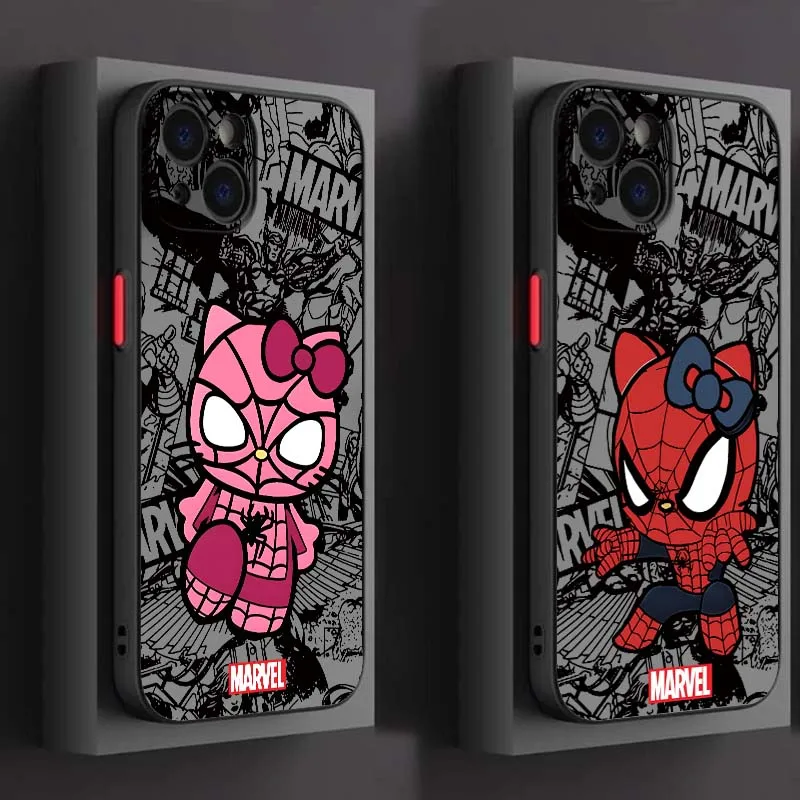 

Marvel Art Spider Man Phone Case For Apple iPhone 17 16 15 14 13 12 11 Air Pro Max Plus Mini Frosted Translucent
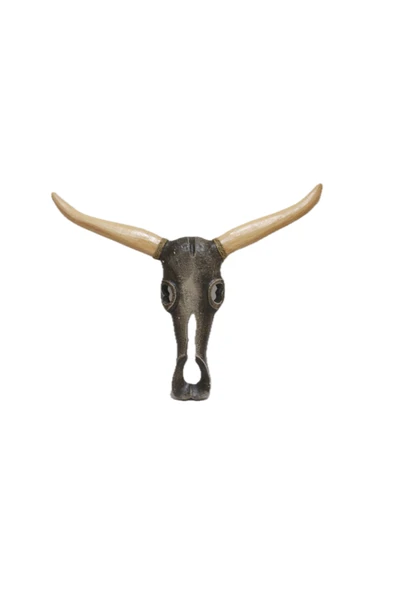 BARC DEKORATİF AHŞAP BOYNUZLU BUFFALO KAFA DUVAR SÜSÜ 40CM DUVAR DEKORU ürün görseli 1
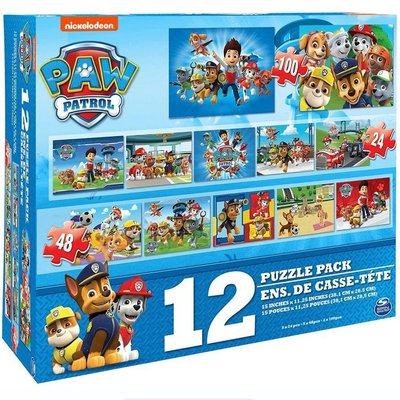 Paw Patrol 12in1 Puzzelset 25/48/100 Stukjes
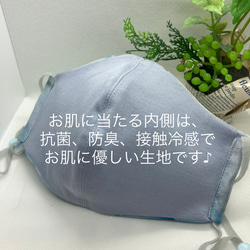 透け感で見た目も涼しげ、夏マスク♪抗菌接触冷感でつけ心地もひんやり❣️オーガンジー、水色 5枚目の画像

────

## TASK PROMPT
Please retype the whole listing above word for word and drop the pictures.

## ANSWER TO THIS EXERCISE
Marvel Art Spider Man Phone Case For Apple iPhone 17 16 15 14 13 12 11 Air Pro Max Plus Mini Frosted Translucent
 BARC DEKORATİF AHŞAP BOYNUZLU BUFFALO KAFA DUVAR SÜSÜ 40CM DUVAR DEKORU ürün görseli 1
 Paw Patrol 12in1 Puzzelset 25/48/100 Stukjes
 透け感で見た目も涼しげ、夏マスク♪抗菌接触冷感でつけ心地もひんやり❣️オーガンジー、水色 5枚目の画像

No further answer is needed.